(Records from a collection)
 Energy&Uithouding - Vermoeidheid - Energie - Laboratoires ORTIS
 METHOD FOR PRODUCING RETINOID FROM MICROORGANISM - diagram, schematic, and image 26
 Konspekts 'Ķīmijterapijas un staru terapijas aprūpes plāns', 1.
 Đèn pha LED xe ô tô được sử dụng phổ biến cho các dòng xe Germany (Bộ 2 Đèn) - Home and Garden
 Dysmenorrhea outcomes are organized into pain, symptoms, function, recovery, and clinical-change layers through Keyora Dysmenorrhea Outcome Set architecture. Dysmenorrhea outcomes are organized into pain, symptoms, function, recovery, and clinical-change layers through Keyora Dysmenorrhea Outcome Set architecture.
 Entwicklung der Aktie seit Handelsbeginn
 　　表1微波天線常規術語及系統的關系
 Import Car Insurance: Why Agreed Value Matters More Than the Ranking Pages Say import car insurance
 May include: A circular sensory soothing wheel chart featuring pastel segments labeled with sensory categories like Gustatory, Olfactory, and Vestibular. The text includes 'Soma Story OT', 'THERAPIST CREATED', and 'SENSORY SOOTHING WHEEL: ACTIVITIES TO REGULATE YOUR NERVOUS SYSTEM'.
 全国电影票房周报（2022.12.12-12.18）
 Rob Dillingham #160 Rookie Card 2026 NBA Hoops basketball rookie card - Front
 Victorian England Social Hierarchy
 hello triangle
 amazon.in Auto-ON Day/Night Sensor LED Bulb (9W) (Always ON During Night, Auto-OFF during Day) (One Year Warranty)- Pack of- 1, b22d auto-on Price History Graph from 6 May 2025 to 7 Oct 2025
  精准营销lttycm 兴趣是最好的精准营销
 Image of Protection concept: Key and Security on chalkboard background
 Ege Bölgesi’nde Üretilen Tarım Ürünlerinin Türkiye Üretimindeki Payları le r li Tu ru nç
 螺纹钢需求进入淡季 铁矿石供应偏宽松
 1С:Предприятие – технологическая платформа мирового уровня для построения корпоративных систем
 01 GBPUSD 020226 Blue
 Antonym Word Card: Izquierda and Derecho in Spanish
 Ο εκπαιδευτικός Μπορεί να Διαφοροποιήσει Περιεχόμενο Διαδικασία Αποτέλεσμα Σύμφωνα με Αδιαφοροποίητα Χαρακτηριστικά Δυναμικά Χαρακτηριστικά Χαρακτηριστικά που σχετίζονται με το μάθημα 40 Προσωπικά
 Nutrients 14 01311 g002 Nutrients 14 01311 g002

Work task — In the entries above, restate word for word the lines between the one holding "May include: A" and the one holding "全国电影票房周报（2022.12.12-12.18）", inclusive, and nothing besides.

Output —
 May include: A circular sensory soothing wheel chart featuring pastel segments labeled with sensory categories like Gustatory, Olfactory, and Vestibular. The text includes 'Soma Story OT', 'THERAPIST CREATED', and 'SENSORY SOOTHING WHEEL: ACTIVITIES TO REGULATE YOUR NERVOUS SYSTEM'.
 全国电影票房周报（2022.12.12-12.18）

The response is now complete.